Leave the Baby Outside, Ma'am.

Back in DC, Neil was under the impression that our stroller was really big. He thought it was also really fancy and kind of snooty. He was a little bit right. We have the Uppa Baby. Not THE most expensive or THE biggest, but it's a nice size and a good quality stroller. (I over-researched this particular purchase for sure.)

Moving to Europe, we were pretty sure that most things about us would be super sized. We are, after all, Americans. For the most part, we were right. The paper towels we brought with us are about 2 inches too long to fit on the built-in paper towel holder in our kitchen, our bathroom is about half the size of our previous bathroom, milk is sold in containers the size of American half & half containers, our cookie sheet would have to be sliced in half to fit in our oven, even the heads of lettuce here are smaller. But, not strollers.

Strollers in Denmark are the size of small cars. They are humongous- at least twice as big and twice as fancy as our stroller. Perhaps because of their size, but perhaps not, it is common practice to leave the strollers or prams outside with sleeping children in them when parents shop or dine. Walk around Copenhagen on any given day and you'll come across dozens of strollers on sidewalks. These strollers cost upwards of $1,000 and contain peoples' precious children, but they are rarely locked up. Some are obviously empty, but the ones that are all bundled up almost always contain a napping baby or toddler. The Danes think that sleeping outside is good for the babies and their strollers wouldn't fit in whatever shop or restaurant their parents were going to anyways.

Apparently in the last 30 years, or so, there have been three kidnappings in Denmark. One resulted in a missing child who was never returned. The other two occured when hapless bike theives mistakenly took bikes with passenger carts attached that had children napping in them. The first asked the child where he lived and dropped him and the bike off at home. The second took the child to a nearby home and left it on the doorstep. People don't steal kids in Denmark.

Being American, leaving Riley outside in the cold asleep in his stroller goes against all of my programming. I am worried about many things in this scenario: What if someone takes him? What if he wakes up and cries and I don't hear him because I am inside? What if he is cold? What if someone comes and smokes near him? And also culturally programmed in to me is the "What if Child Protective Services takes him away from me?" question.

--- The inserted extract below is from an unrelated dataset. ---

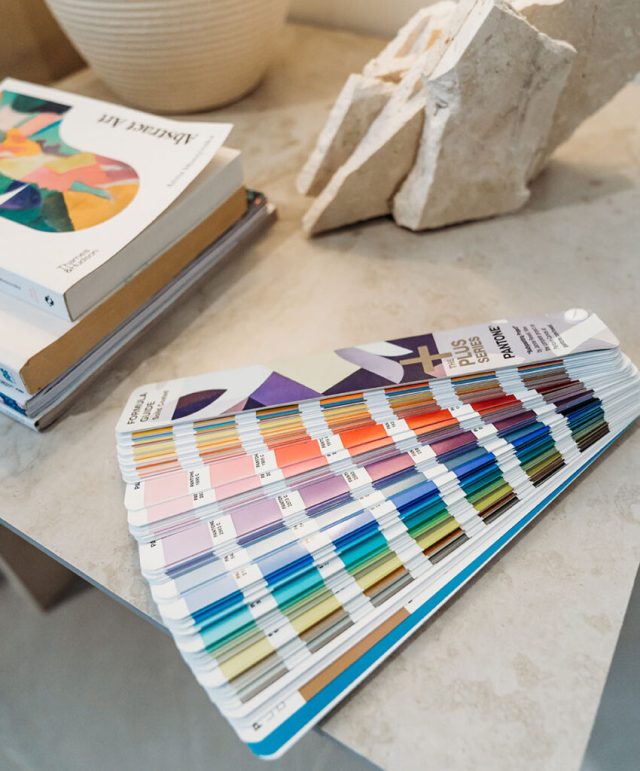 branding in australia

I learned my second week in Denmark that Danish moms also worry about their babies waking up and needing them. For this reason they have "baby alarms" in the prams. As best I can tell, a baby alarm is a battery operated monitor. Some of them are super-small and high-tech. As for concerns about cold babies, the prams come with many many layers of warmth. It's like wrapping your baby in a high-tech coccoon of protection. They are not only insulated and waterproof, but I saw a label on one saying it's rated to protect from sun as well as SPF 50 sunscreen.

So now the question you've all been asking, have we left Riley outside in his small, non-insulated American stroller? Before I answer that, I would like to mention that we have a super-cool sleeping bag thing for Riley that's designed for all inclement weather. We also have a rain cover for his stroller. He seems to be more comfortable in his stroller out in the cold than he is in his crib at home.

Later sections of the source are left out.